Records contained in a dataset
---------------
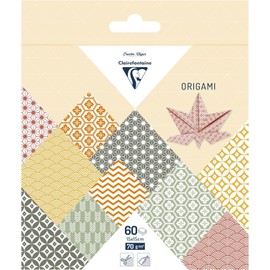 Clairefontaine 95636C - Pack of 16 Sheets of Origami Paper 70 g/m², 15 x 15 cm, Autumn, 1 Pack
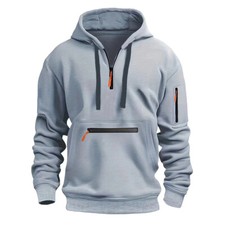 Retro Men Sweatshirt Work Half Zip Up Jumper Hoodie Hooded Jacket Coat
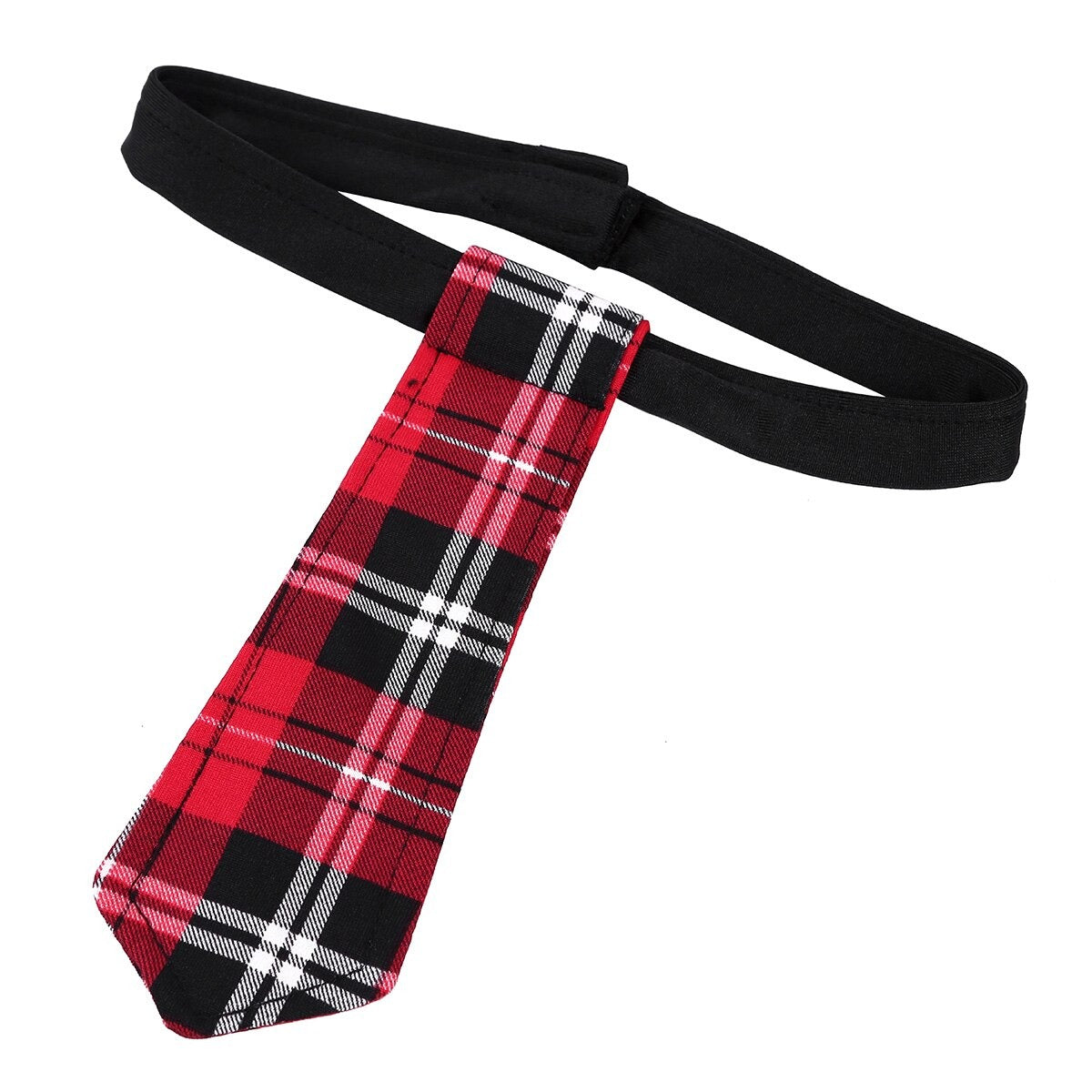 Red plaid tie for women's schoolgirl cosplay costume, featuring a stylish and fun design.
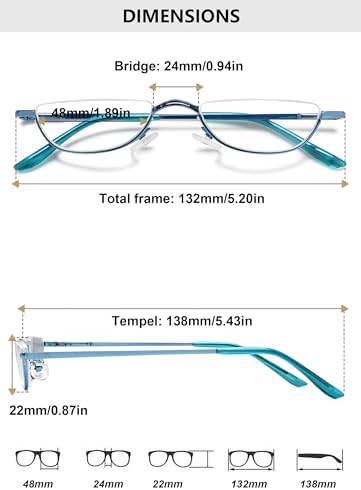 Half Moon Reading Glasses Semi Round Men Women Metal Readers Clear Lens Slim Half Frame Eyeglasses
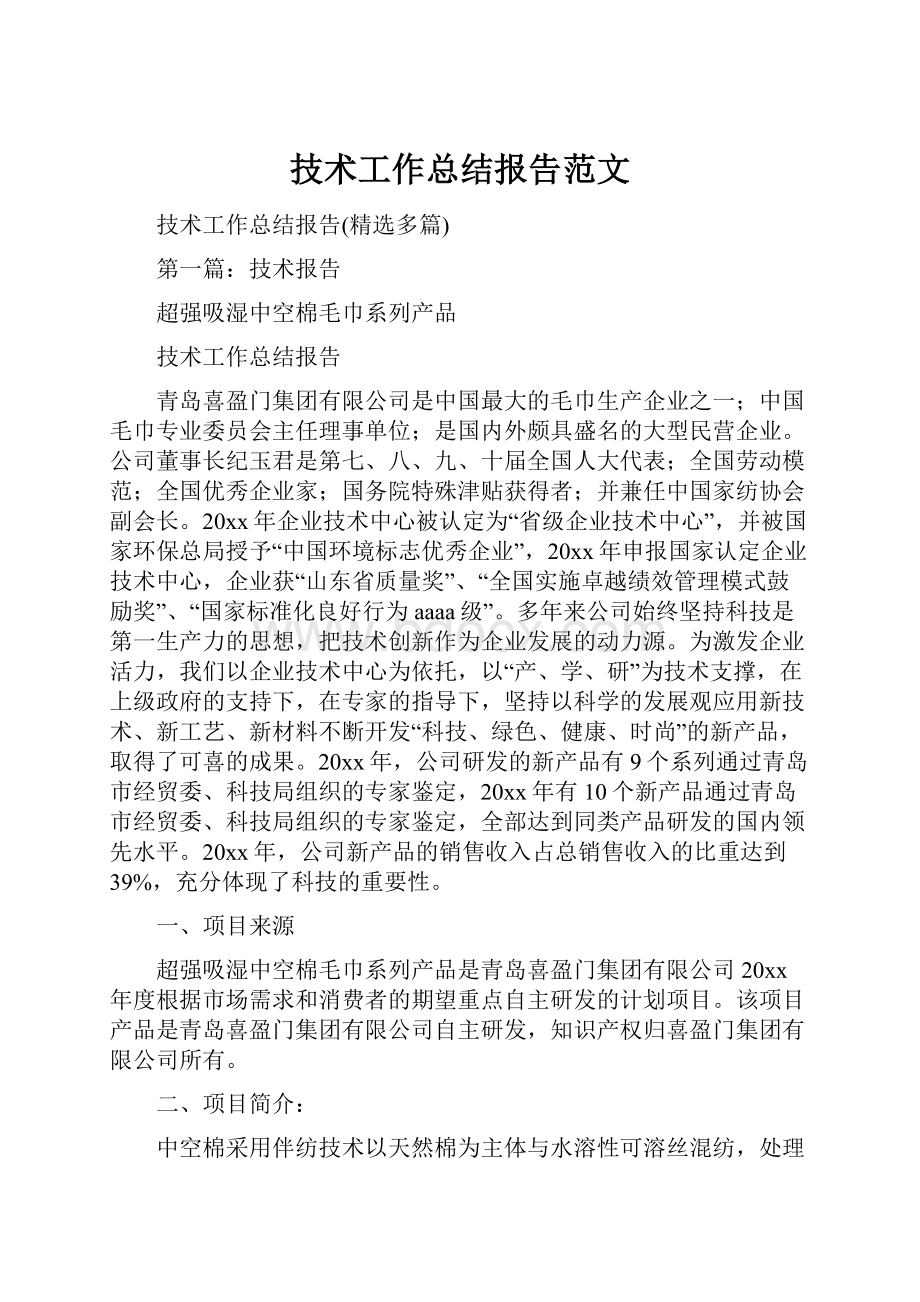 技术工作总结报告范文.docx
---------------
What you need to do: Reproduce each entry precisely; the pictures stay out.

Output for this task:
 Clairefontaine 95636C - Pack of 16 Sheets of Origami Paper 70 g/m², 15 x 15 cm, Autumn, 1 Pack
 Retro Men Sweatshirt Work Half Zip Up Jumper Hoodie Hooded Jacket Coat
 Red plaid tie for women's schoolgirl cosplay costume, featuring a stylish and fun design.
 Half Moon Reading Glasses Semi Round Men Women Metal Readers Clear Lens Slim Half Frame Eyeglasses
 技术工作总结报告范文.docx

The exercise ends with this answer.